New museums dedicated to the click of the camera are popping up all over the shop, and exhibitions of photography are receiving top billing at the major London galleries too.
Are you an insatiable Instagrammer, a film aficionado or a DSLR devotee?
If so, here’s our guide to the best places to see photography in London.
This brand new exhibition space opened at the end of January with two leading exhibitions: Headstrong: Women and Empowerment, curated by advocacy group Fast Forward: Women in Photography, and a showcase of 20th century photographs focused on the theme of home. The giant new centre (which boasts three floors and spans 8,000 square feet) will be drawing from The Hyman Collection, one of the biggest collections of British photography in the world.
49 Jermyn St, St. James’s, London SW1Y 6LX; britishphotography.org
Hamiltons was a trendsetter for photography-filled private galleries when it opened in 1977, and has since hosted some of the biggest names in the business. Specialising in modern masters, the likes of Helmut Newton, Richard Avedon, Irving Penn and Robert Mapplethorpe have graced the walls over the years. This year, the gallery is showing the works of Tomio Seike, a Japanese photographer known for his black and white photographs which use light to elevate everyday scenes.
13 Carlos Place, Mayfair, W1K 2EU; hamiltonsgallery.com
The Photographers’ Gallery
The Photographers’ Gallery opened in 1971 as the first public photography-dedicated gallery in the UK, and still maintains a sterling reputation. Its 2023 programme will feature a retrospective of Manx photographer Chris Killip’s black and white works and present photos from the Solander Collection (which brings together the work of under-represented and forgotten artists) in An Alternative History of Photography.

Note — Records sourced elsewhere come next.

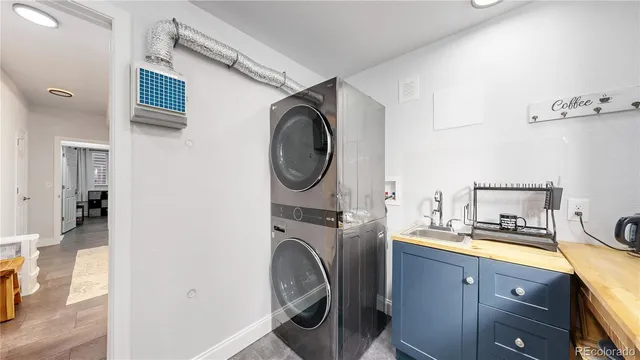 a utility room with sink dryer and washer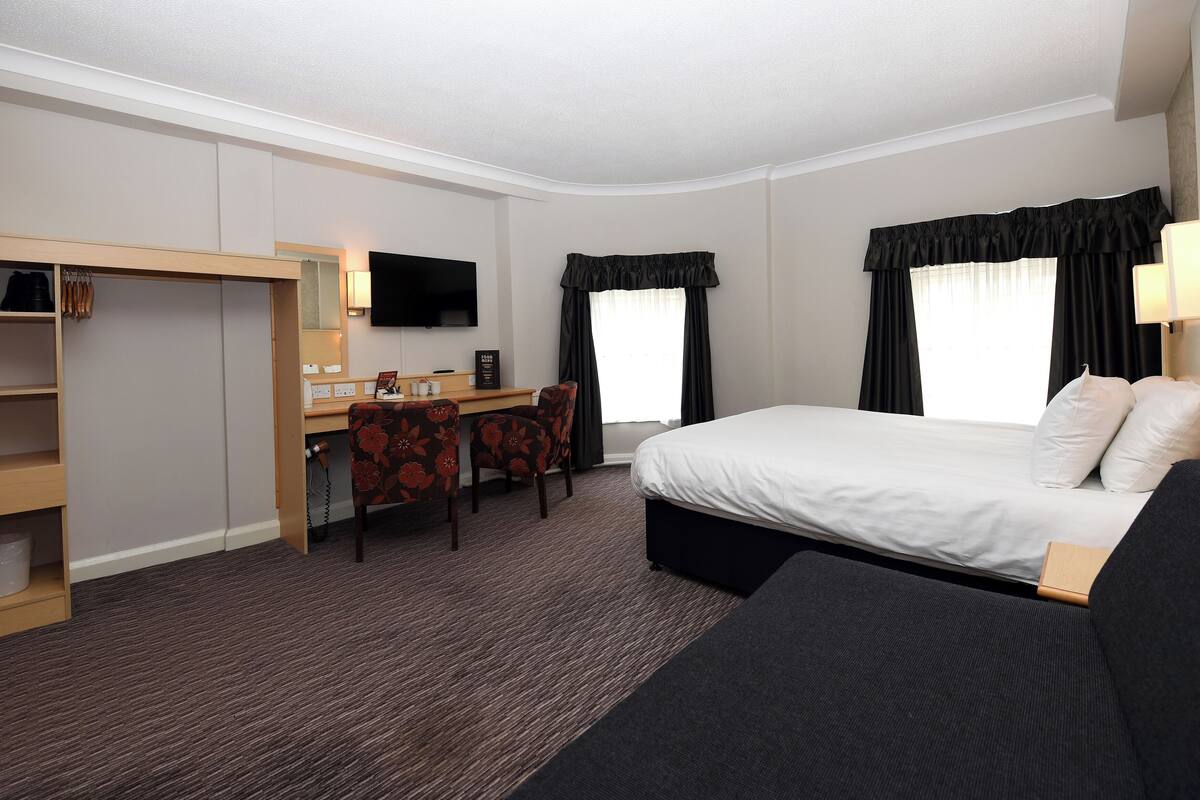 A hotel room with a bed, a desk with a chair, a wardrobe, and a TV.
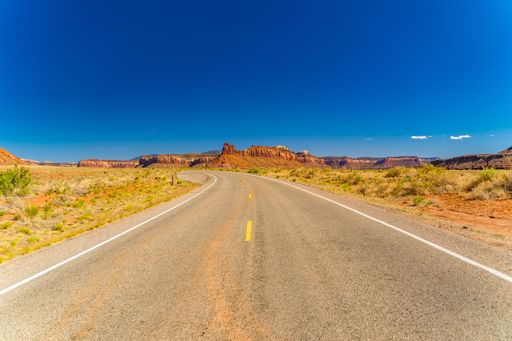 An empty road with majestic cliffs in the background. Canyonlands National Park, Utah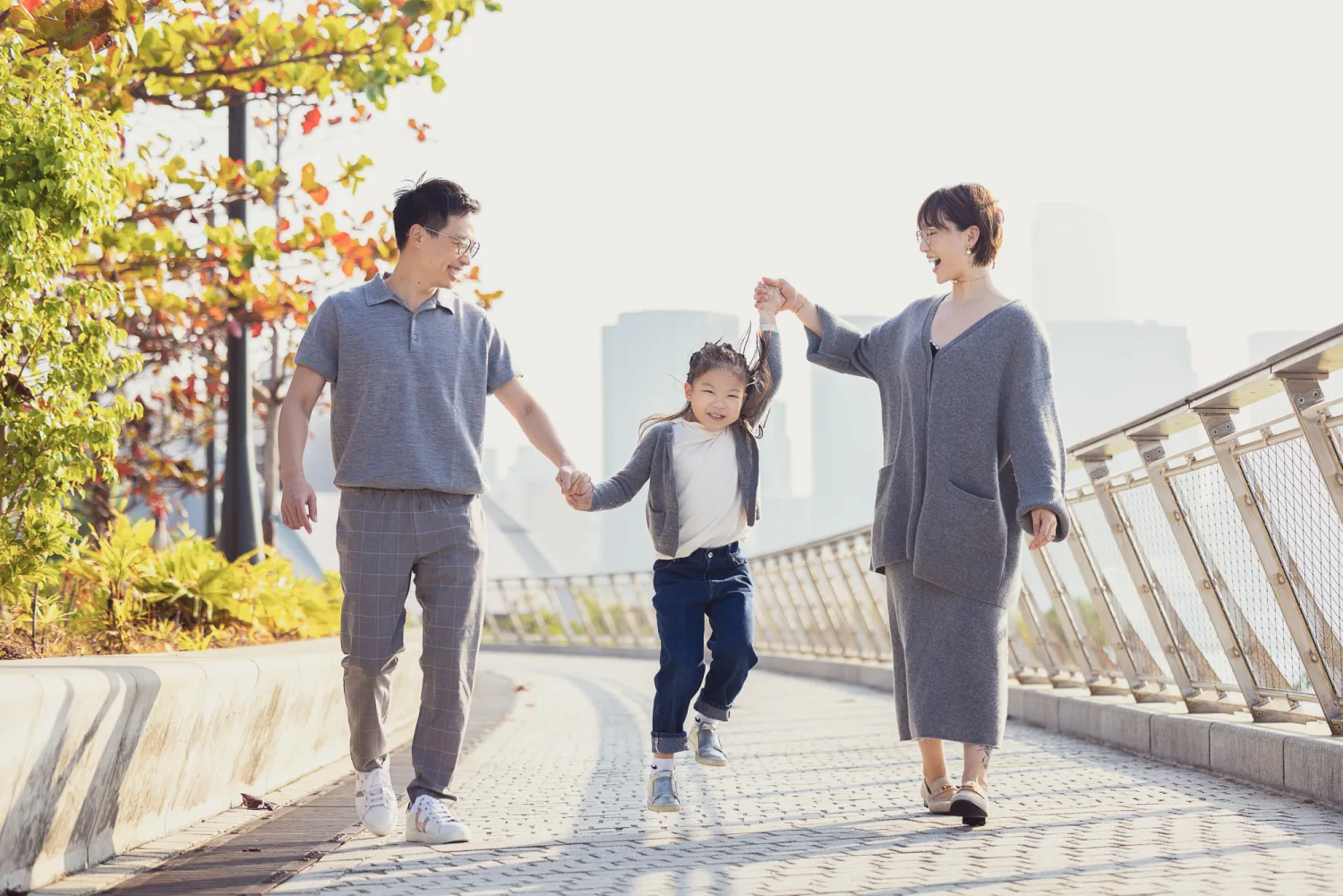 Bonnie, Vincent and Emma walking hand-in-hand along a sunny path at West Kowloon, Emma jumping playfully between her parents
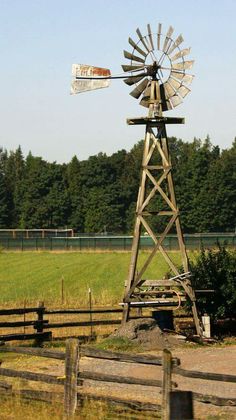 an old windmill sitting in the middle of a field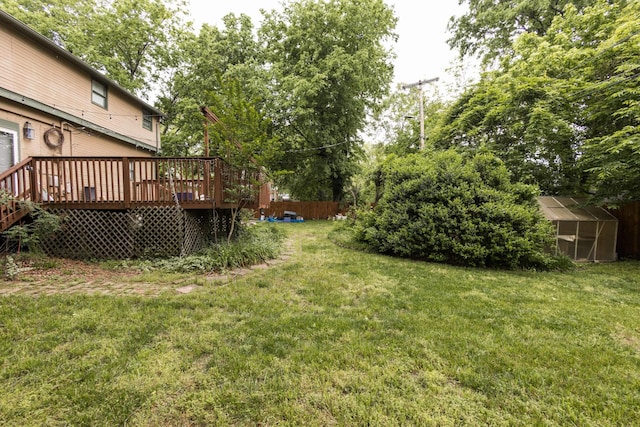 view of yard with an outdoor structure, an exterior structure, and a deck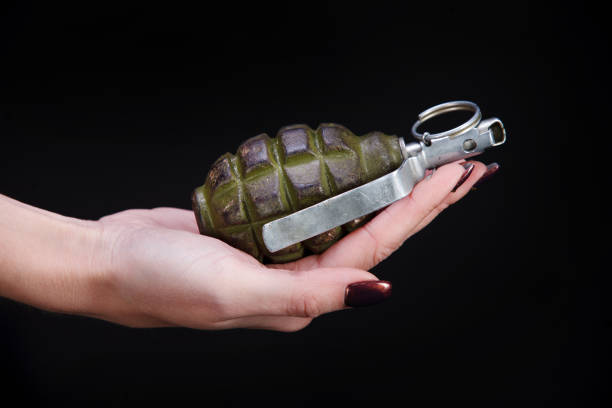 istock fragmentation grenade in girl hand 1206086724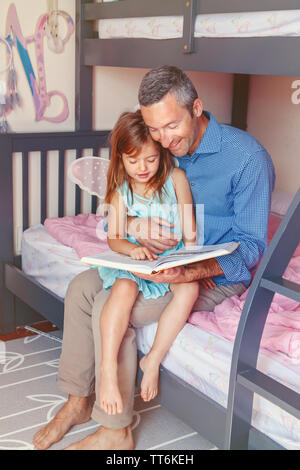 Family two people sitting on bed in bedroom reading book. Father and daughters girl at home spending time together. Parent talking communicate to chil Stock Photo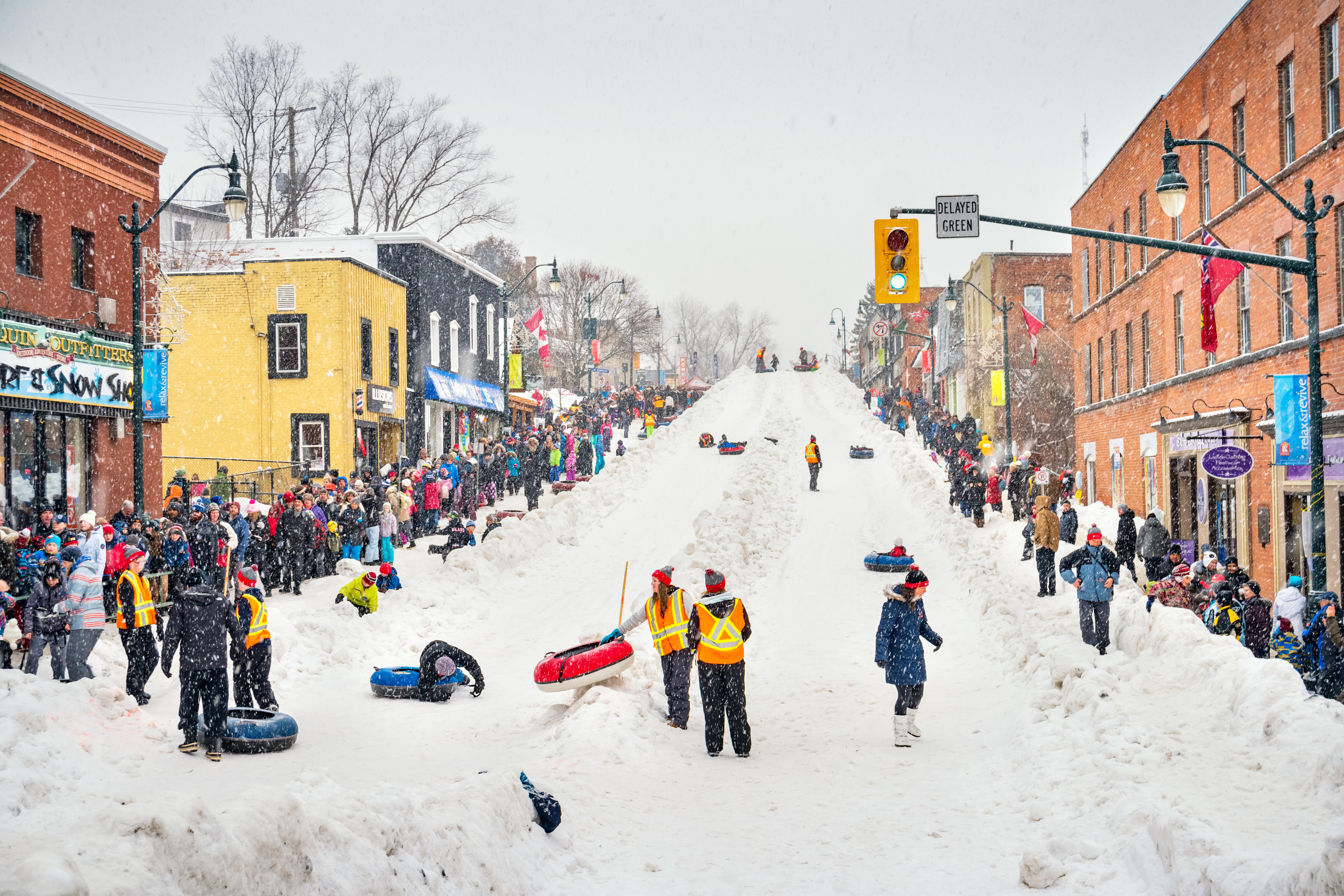 Bracebridge street turns into a giant toboggan run during the Fire And Ice Festival.  Credit: Alamy.com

16-18 Ramillies Street, Soho, W1F 7LW; thephotographersgallery.org.uk
If you like your photographs packed with famous faces, then Proud Galleries has a veritable galaxy of stars on display at any given time. Rock stars, fashion models and the Swinging Sixties make a regular appearance at Proud’s exhibitions, and the gallery had a month long 2017 exhibition dedicated to the life and times of much-missed music superstar Prince.
32 John Adam Street, WC2N 6BP; proudonline.co.uk
The Atlas Gallery’s artist list reads like a who’s who of twentieth century photography. From Irving Penn to Robert Capa, Man Ray to Henri Cartier-Bresson, there are few blue chip photographers who haven’t been hung on Atlas Gallery’s walls. Recent shows have included an exhibition of photography of The civil rights and anti-racist movements in the UK, USA and South Africa and a carousel of works from some of photography’s big names including Bastiaan Woudt and Patrick Demarchelier.
49 Dorset Street, Marylebone, W1U 7NF; atlasgallery.com
Formerly known as Beetles+Huxley, Huxley-Parlour gallery is based in Mayfair, a short jaunt away from the Royal Academy. Several exhibitions run throughout the year, with previous exhibitions featuring big British names Cecil Beaton, Bill Brandt and Patrick Lichfield. This year will the venue will showcase works by British photographer Jem Southam, who has spent seven years taking pictures of the floodplain on the River Exe, alongside the paintings of Canadian artist Delphine Hennelly.
3-5 Swallow St, Mayfair, W1B 4DE; huxleyparlour.com
V&A Photography Centre
The V&A is already the doyenne of London’s design museums, but as part of the V&A’s considerable expansion plan, a new Photography Centre was added to its artistic arsenal in October 2018, housing the 270,000 photographs acquired from the Royal Photographic Society collection. This new haul includes some of the earliest examples of photography from the 1820s, right up to works by contemporary photographers including Martin Parr and Sir Don McCullin.